On Friday, Brown pardoned In for the 1993 murder, indicating he hoped it would allow In to avoid deportation back to Cambodia, a country in which he has never set foot. The deportation order has not been executed since it was entered in 2001, In said, because Cambodia was not accepting deportees at that time. Instead, In said, he has been living under an order of supervision, checking in with U.S. Immigration and Customs Enforcement on a regular basis, fearing the supervision order could be revoked at any time.

“While the seriousness of the crime can never be minimized,” Brown wrote in the pardon, “I believe that Mr. In should be permitted to have the chance at remaining in a community to which he has devoted a life of service.”

In was among 36 people Brown pardoned Friday, including two other Cambodian refugees also at risk of deportation. The pardons don’t automatically throw out deportation orders, but allow attorneys to petition an immigration judge to reopen their cases and potentially decide to halt the removals, as the Asian Americans Advancing Justice – Asian Law Caucus explained. Sometimes it works. Sometimes it doesn’t.

Such pardons for immigrants with criminal records have emerged as one tool of resistance to the Trump administration’s deportation efforts in states, like California and New York, that are generally viewed as having hostile relationships with ICE. In July, New York Gov. Andrew M. Cuomo granted clemency to seven immigrants facing deportation with minor convictions on their records, most related to drugs. In March, Brown provoked outrage from President Trump when he pardoned five ex-offenders facing deportation whom Brown believed were rehabilitated. Among them were men convicted of kidnapping and robbery, domestic abuse and vehicle theft.

“Is this really what the great people of California want?” Trump tweeted.

With In’s case, hundreds of people wrote to Brown to support his pardon, the governor said, including members of In’s church and young men he helped escape gang life since his release from prison.

Before returning to Fresno to become a “beloved pastor,” as Brown put it, In worked as a counselor for Hope Now for Youth, where he estimates he helped 125 young people complete a job training program and find steady work following his release from prison. He then moved to Greeley, Colo., to co-found Jobs for Hope, where he roamed the city to build relationships with gang members, helping to persuade them to turn their lives around. In estimates he helped 80 young men here.

“I wanted to keep the word ‘hope’ in there, because that’s what people in my situation needed,” In said.

In knew what to look for, because the young people he encountered reminded him of himself: teenagers from poverty and abusive families. In was born in South Vietnam, the youngest of six just after his family fled Cambodia, where his father was a soldier who supported the Americans in the Vietnam War.
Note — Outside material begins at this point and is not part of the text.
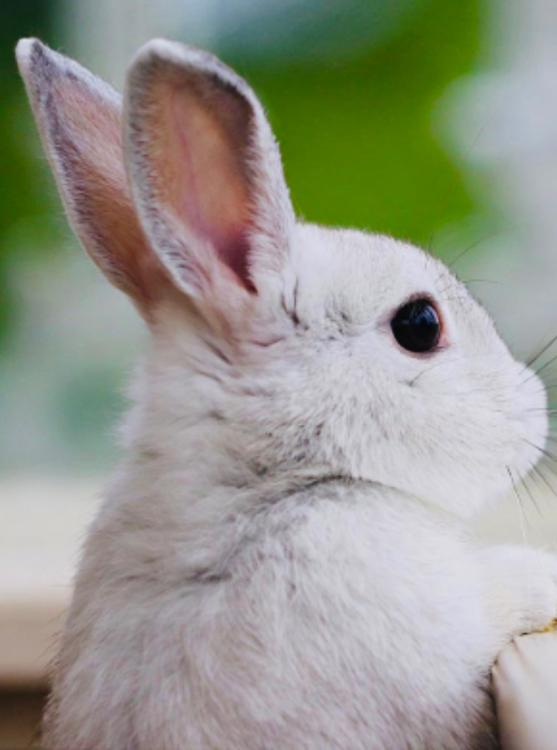 うさぎを見つけた日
They took a boat to Thailand and stayed at a refugee camp until finding their way as refugees to the United States. Growing up in Houston, In said he lived in the projects and suffered verbal and physical abuse at home. He said all this is “not an excuse” for committing violence on the streets — but nevertheless contributed to it.

His family later moved to Fresno in the late 1980s. He joined a gang after his older brother was sent to prison — the same gang his brother had been a part of, In said.

“It took years and years of reconciliation,” In said of the murder. “There’s reconciling, and there’s mourning, and then there’s acceptance of responsibility.”

In is grateful to Brown for the second chance, but said he knows from reading the reactions to the news of his pardon that not everyone believes he should get one. Many, he said, want him to go back to Cambodia.

“Some people want to continue to just label me as a murderer. I get it, but it’s hard,” In said. “I know that no matter how good I become or how far away I get, people will still see me a certain way. I’ve come to accept it. I’ve come to accept that’s the way it is.”